Carlson ignored proof that contradicted his concept, together with Epps’ testimony earlier than a congressional committee investigating the rebel that he was not working for the federal government, and movies offered by House Speaker Kevin McCarthy that confirmed Epps’ efforts to attempt to defuse the state of affairs, the lawsuit says.
Carlson just isn’t named as a defendant within the lawsuit. Epps’ lawyer, Michael Teter, famous that Carlson “was an employee of Fox when he lied about Ray, and Fox broadcast those defamatory falsehoods.”
“Fox is therefore fully liable for Mr. Carlson’s statements,” Teter mentioned.
The former Fox star didn’t reply to a textual content message searching for remark.
Also Wednesday, FBI Director Christopher Wray, in an look earlier than the House Judiciary Committee, denied having any data of Epps being a “secret government agent.”

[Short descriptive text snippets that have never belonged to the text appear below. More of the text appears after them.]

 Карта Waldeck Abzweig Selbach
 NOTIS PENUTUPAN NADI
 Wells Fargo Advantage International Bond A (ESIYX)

“I will say this notion that somehow the violence at the Capitol on January 6 was part of some operation orchestrated by FBI sources and agents is ludicrous,” Wray informed lawmakers. He refused to say, nevertheless, how lots of the individuals who entered the Capitol and surrounding space on Jan. 6 had been both FBI workers or folks with whom the FBI had made contact.
Meanwhile, Epps claims in his lawsuit that, because of the alleged defamatory statements made by Fox, he and his spouse have been the goal of harassment and dying threats from Trump supporters, pressured to promote the Arizona ranch the place they ran a profitable marriage ceremony venue enterprise, and now face monetary smash. According to the lawsuit, Epps and his spouse are actually dwelling in a leisure automobile in Utah.
The lawsuit shows threatening messages Epps says he acquired, together with one which reads, “Epps, sleep with one eye open.”
In his defamation swimsuit, Epps claims that on Jan. 5, the day earlier than the storming of the Capitol, he tried to defuse a tense state of affairs between Trump supporters and police, confronting an agitator referred to within the lawsuit as “Baked Alaska.” That man, later recognized as far-right social media character Anthime Gionet, was sentenced earlier this 12 months to 60 days in jail.
Epps says that in an effort to influence Trump supporters that he was on their aspect, he informed them, “I’m probably gonna go to jail for this. Tomorrow, we need to go into the Capitol. Peacefully.”
Epps claims within the lawsuit that he was “shocked and disappointed” when demonstrators began climbing the scaffolding and partitions across the Capitol on Jan. 6.
“He had concerns about the election and believed it was his duty as a citizen to participate in the protest. But he did not believe violence was appropriate,” the lawsuit claims.